START Material supplied
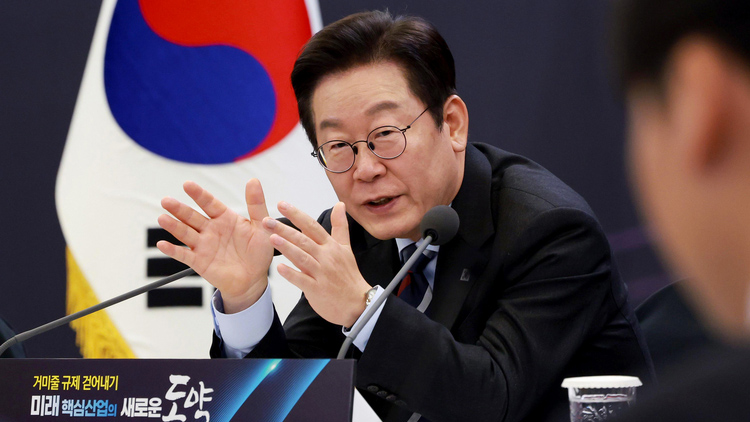 이재명 대통령이 15일 서울 성북구 한국과학기술연구원(KIST)에서 열린 제1차 핵심규제 합리화 전략회의에서 참석자들과 토론하고 있다. /대통령실통신사진기자단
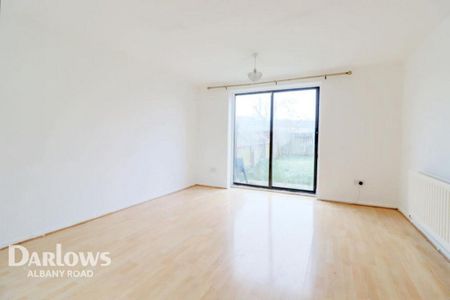 3 bedroom terraced house to rent - Photo 2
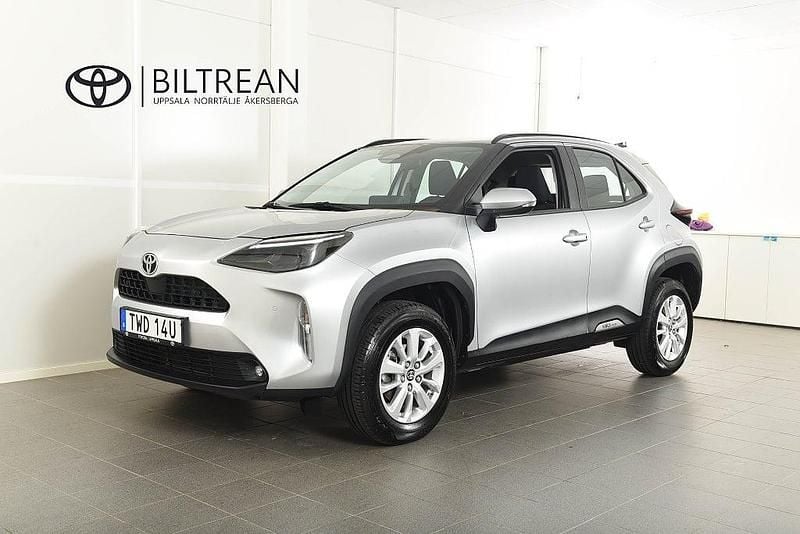 Silver Begagnad 2024 Toyota Yaris Hybrid Active | 249 900 kr (Marknadspris) - Bild 1/4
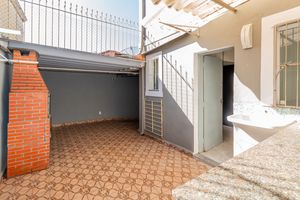Image 8 - 894607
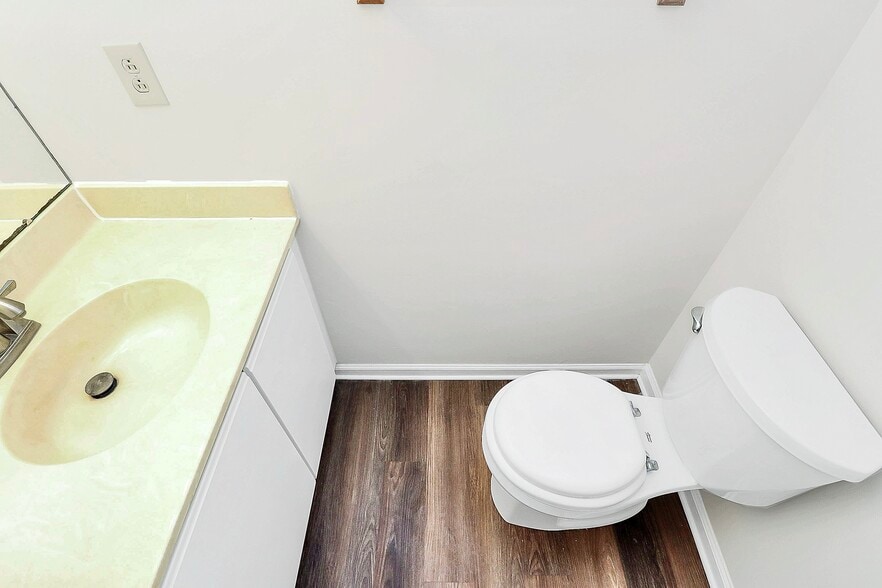 Half Bathroom - 7737 Batavia Ln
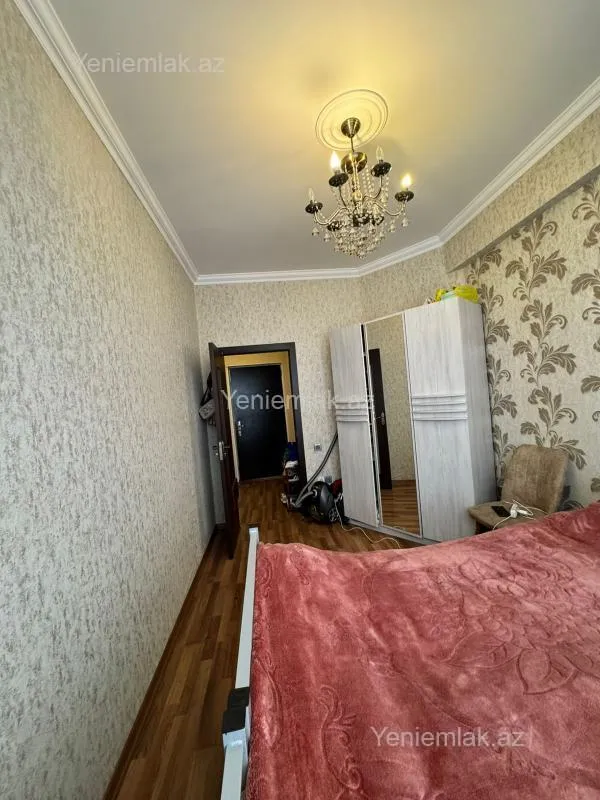 Satılır 2 otaqlı yeni tikili 60 m²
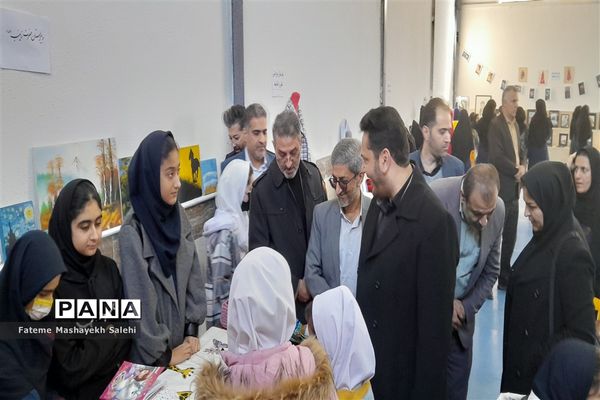 بازارچه کسب و کار و نمایشگاه تولیدات هنرستان‌های شهرستان نور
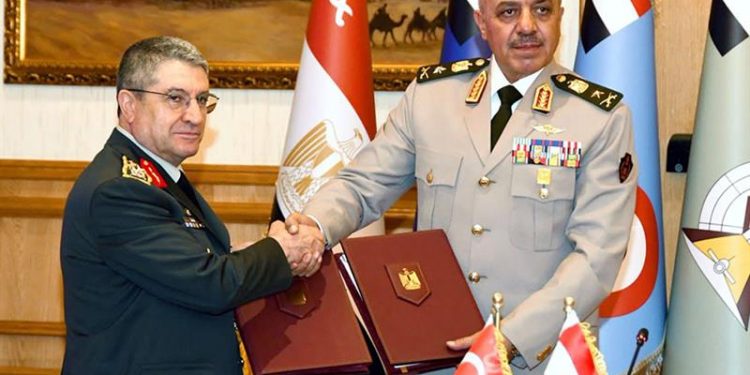 تركيا ومصر تعززان العلاقات الدفاعية في اجتماع لرئيسا أركان القوات المسلحة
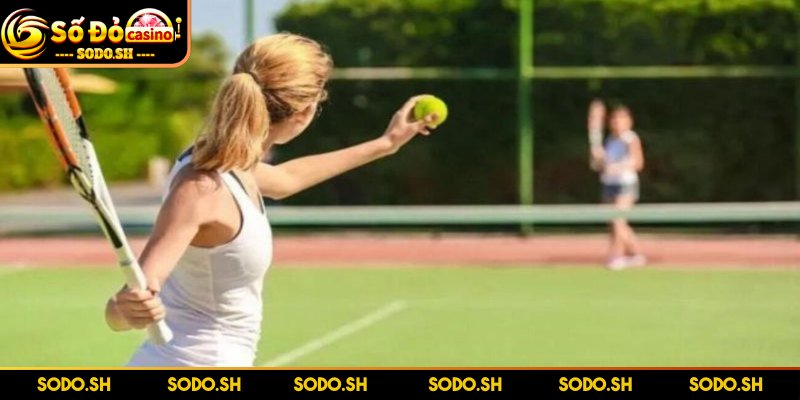 Luật Chơi Tennis Cụ Thể Chi Tiết Cho Người Mới Tham Gia - luat choi tennis bong tiep xuc duong bien Nếu bóng tiếp xúc đường biên, pha bóng đó hợp lệ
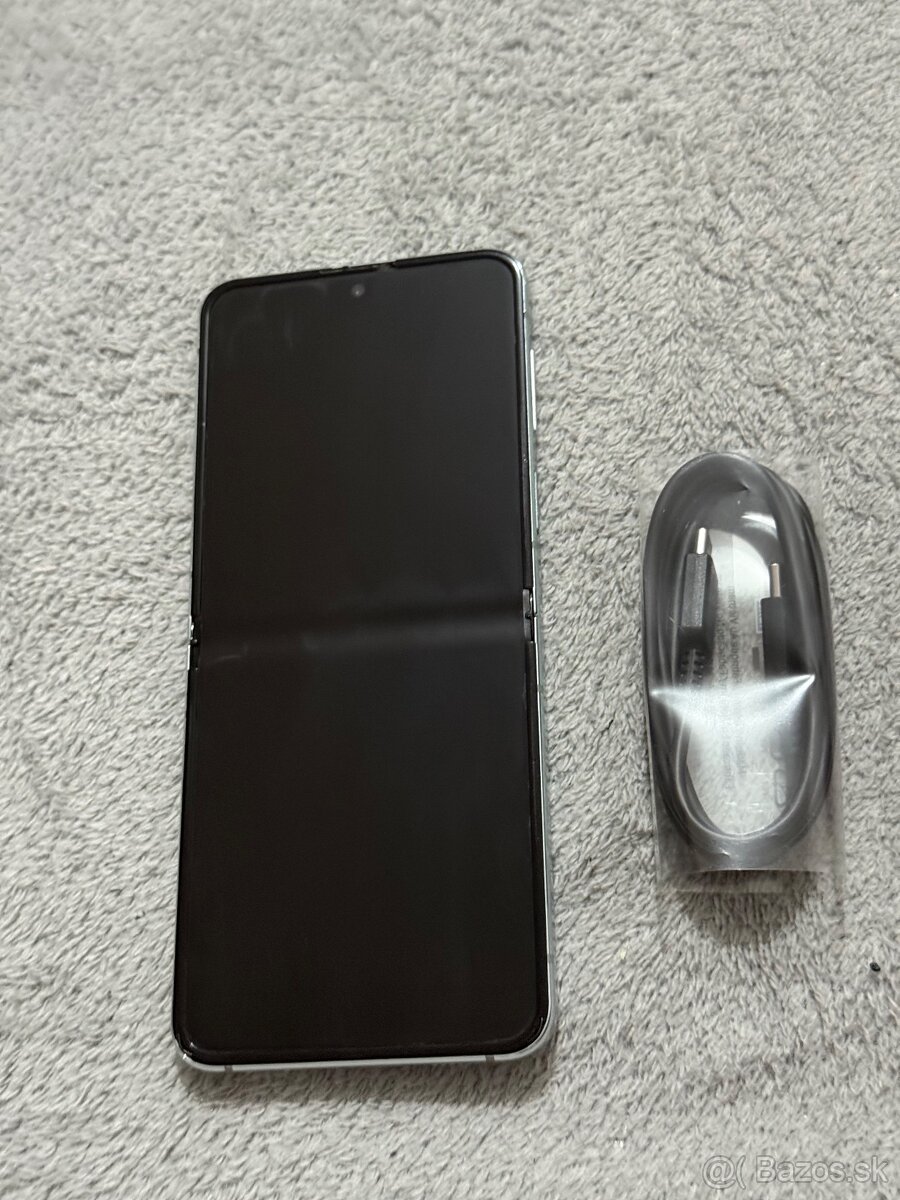 Predám Samsung Galaxy Z Flip 5 8GB Ram 512gb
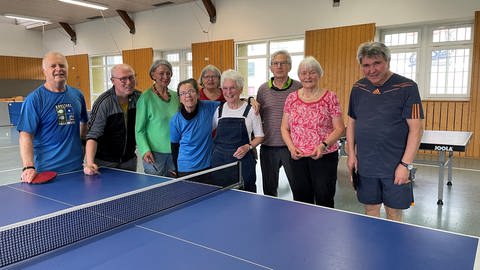 Parkinson-Patienten spielen in einer Turnhalle zu zweit oder zu dritt Tischtennis (Foto: SWR, Esther Leuffen)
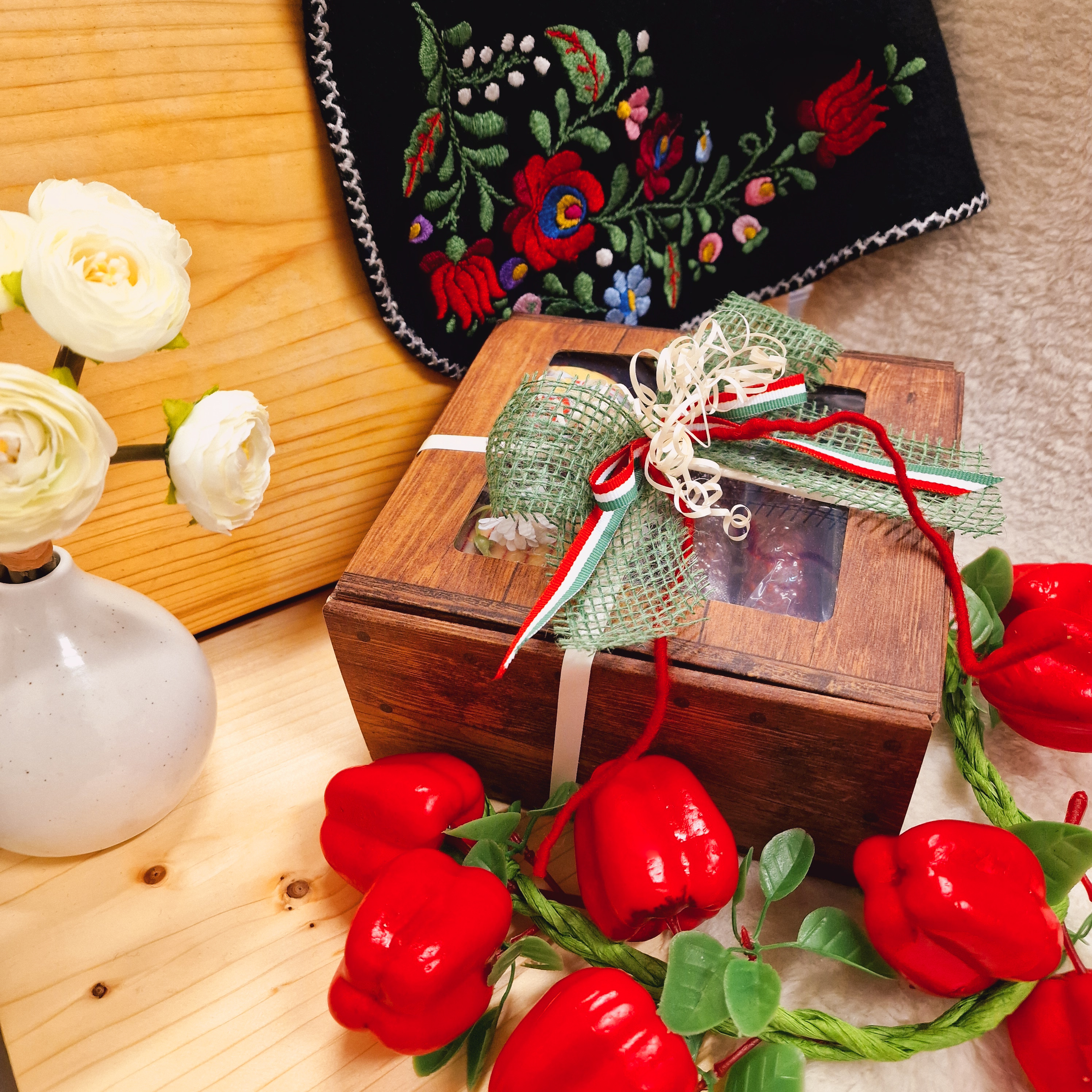 Geschenkbox mit Wurstspezialitäten aus dem Erzgebirge als Inhalt, verpackt.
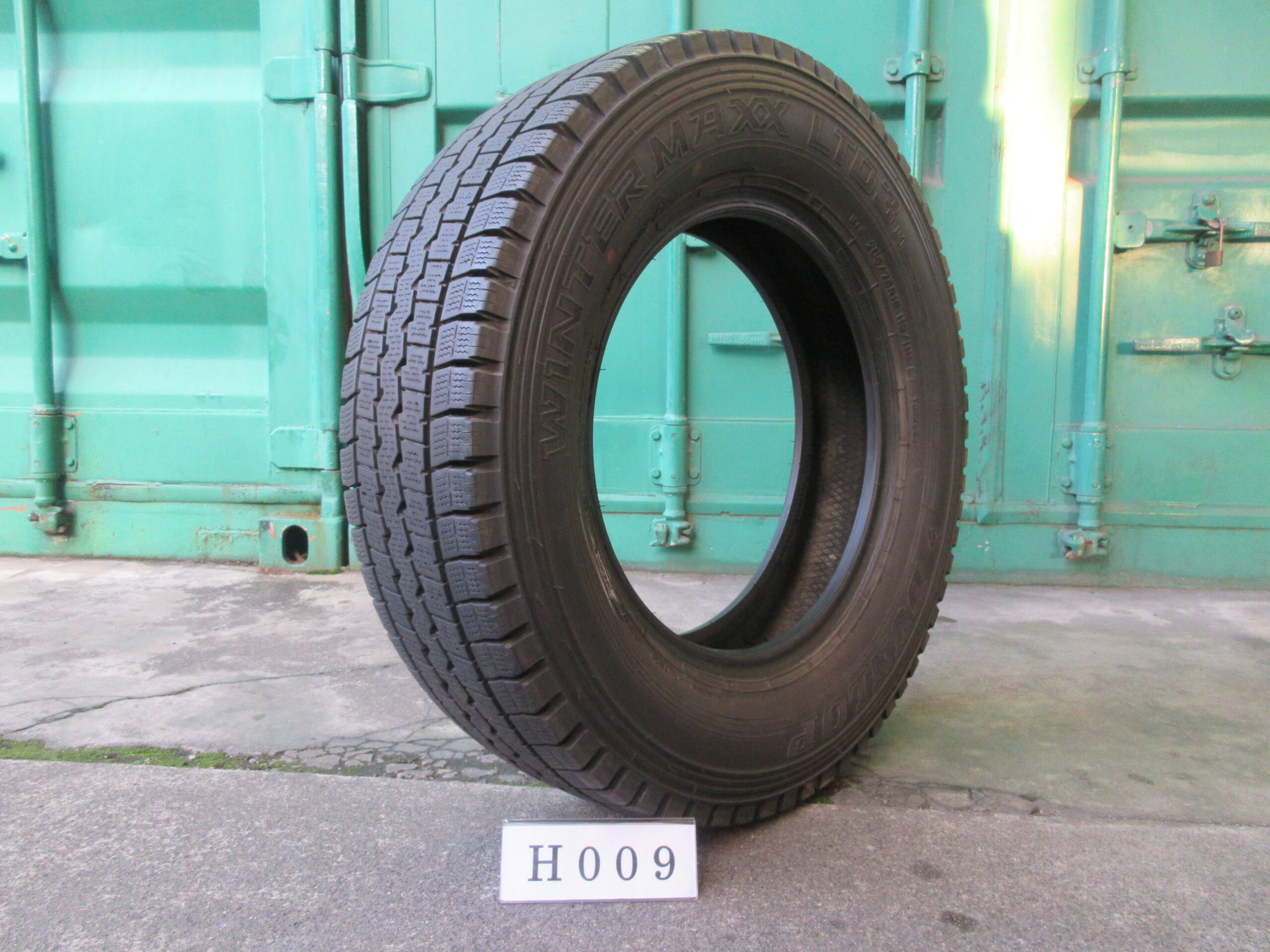 205/75R16  スタッドレス　ダンロップ H009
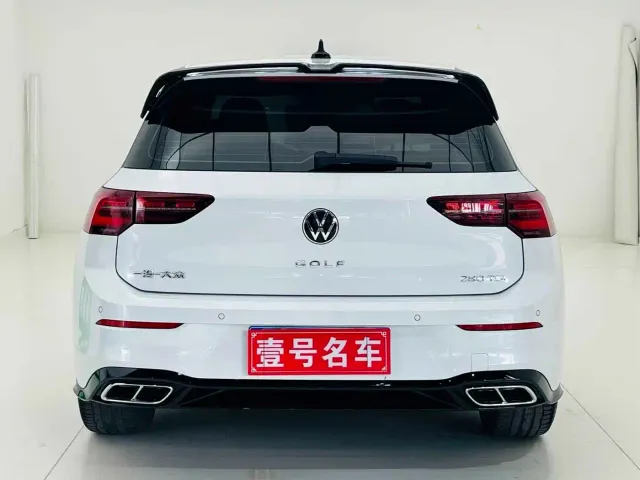 Volkswagen Golf — Фото автомобиля 5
END Material supplied
→ Your task: Give the material again exactly as it is, but keep the pictures out.

→ Solution to the problem:
 이재명 대통령이 15일 서울 성북구 한국과학기술연구원(KIST)에서 열린 제1차 핵심규제 합리화 전략회의에서 참석자들과 토론하고 있다. /대통령실통신사진기자단
 3 bedroom terraced house to rent - Photo 2
 Silver Begagnad 2024 Toyota Yaris Hybrid Active | 249 900 kr (Marknadspris) - Bild 1/4
Image 8 - 894607
 Half Bathroom - 7737 Batavia Ln
 Satılır 2 otaqlı yeni tikili 60 m²
 بازارچه کسب و کار و نمایشگاه تولیدات هنرستان‌های شهرستان نور
 تركيا ومصر تعززان العلاقات الدفاعية في اجتماع لرئيسا أركان القوات المسلحة
 Luật Chơi Tennis Cụ Thể Chi Tiết Cho Người Mới Tham Gia - luat choi tennis bong tiep xuc duong bien Nếu bóng tiếp xúc đường biên, pha bóng đó hợp lệ
 Predám Samsung Galaxy Z Flip 5 8GB Ram 512gb
 Parkinson-Patienten spielen in einer Turnhalle zu zweit oder zu dritt Tischtennis (Foto: SWR, Esther Leuffen)
 Geschenkbox mit Wurstspezialitäten aus dem Erzgebirge als Inhalt, verpackt.
 205/75R16  スタッドレス　ダンロップ H009
 Volkswagen Golf — Фото автомобиля 5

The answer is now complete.